= EXERCISE BRIEF =
Word for word, retype the tail of the data below, starting with the line that has "iced matcha latte" and including the last line.

= DATA PROVIDED =

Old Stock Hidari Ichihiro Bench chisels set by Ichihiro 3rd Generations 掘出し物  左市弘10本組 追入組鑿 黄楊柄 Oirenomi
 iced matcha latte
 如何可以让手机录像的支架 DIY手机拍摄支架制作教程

= SOLUTION =
 iced matcha latte
 如何可以让手机录像的支架 DIY手机拍摄支架制作教程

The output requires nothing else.